Email is your child’s digital identity
Mainstream email services routinely insert tracking pixels into messages, collect metadata, analyze behavior, and use inbox activity to refine advertising systems or train AI models.
For adults, this is worrying enough. For children, it means their early interests, choices, and even mistakes feed Big Tech’s algorithms before they’re old enough to understand what’s happening.
Because these tech companies are based in the United States, the data they collect can fall under US surveillance laws that allow government access without a warrant, no matter where you live. As a result, your child’s long-lasting digital records can be collected, processed, and shared within a system of weak privacy protections and broad surveillance powers.
Doing nothing hands control of your child’s digital identity to companies built to extract revenue from it.
Proton Mail offers a safer starting point
Proton Mail is built on a simple belief: Privacy is a fundamental right, not a tradeoff. Your inbox — and your child’s — should protect private information by default, not scan it or profit from it.
Proton Mail accounts use end-to-end and zero-access encryption, as well as advanced phishing and spam protections. That means:
- Proton can’t read or scan your messages
- Your child’s interests aren’t turned into marketing data
- Threats and annoyances are stopped before they reach you
Unlike Gmail, Proton’s code is open source, so anyone can verify that our apps do what we say. And because Proton is based in Switzerland, your family’s data is protected by some of the strongest privacy laws — from warrantless surveillance and unrestricted data sharing.
Choosing Proton means choosing a private European alternative to Big Tech platforms built around advertising and large-scale data collection.
A private inbox they can grow into
You prepare them for the real world. Now prepare them for the digital one.
You pack their lunch, double-knot their shoes, and remind them to look both ways when they cross the street. Reserving their first private inbox is another small way to set them up for a safer future, long before they ever log in.
To help families give their children a better beginning online, Proton Mail now lets parents reserve a private email address long before their child needs it.
Reserving your child’s email address may seem like a small, practical act, but it’s also a way to opt out of a Big Tech system where surveillance is the default.
Here’s how it works:
- Parents often reserve email addresses so their child can keep the name they want, and Proton lets them do that without giving up privacy.
- Proton Mail locks and preserves it for up to 15 years, and it will not be automatically deactivated for being dormant.

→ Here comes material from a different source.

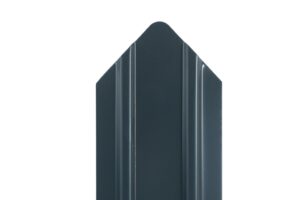 Ștacheți de gard ascuțiți vopsiți pe o parte Lucios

- The inbox stays completely sealed — no data, no activity logs, no profiling.
- When your child is ready, you use a secure voucher to activate their email.
- If the voucher is misplaced, you can easily request a replacement.
The result is a clean, untouched inbox that begins with privacy instead of surveillance. This is a small but meaningful way to give children more control over their digital future.
To prevent abuse or fraud, we ask for a small donation, starting at $1. This supports the Proton Foundation’s work defending digital privacy globally and helps to protect the next generation.
Born Private: A better beginning for the next generation
Born Private is Proton’s commitment to making privacy the default again. Protecting your child’s inbox is part of that mission. Giving children a private email identity from the start extends it to the next generation.
Every digital life begins somewhere. With a reserved private email address for your child, that beginning can finally respect the privacy every child deserves.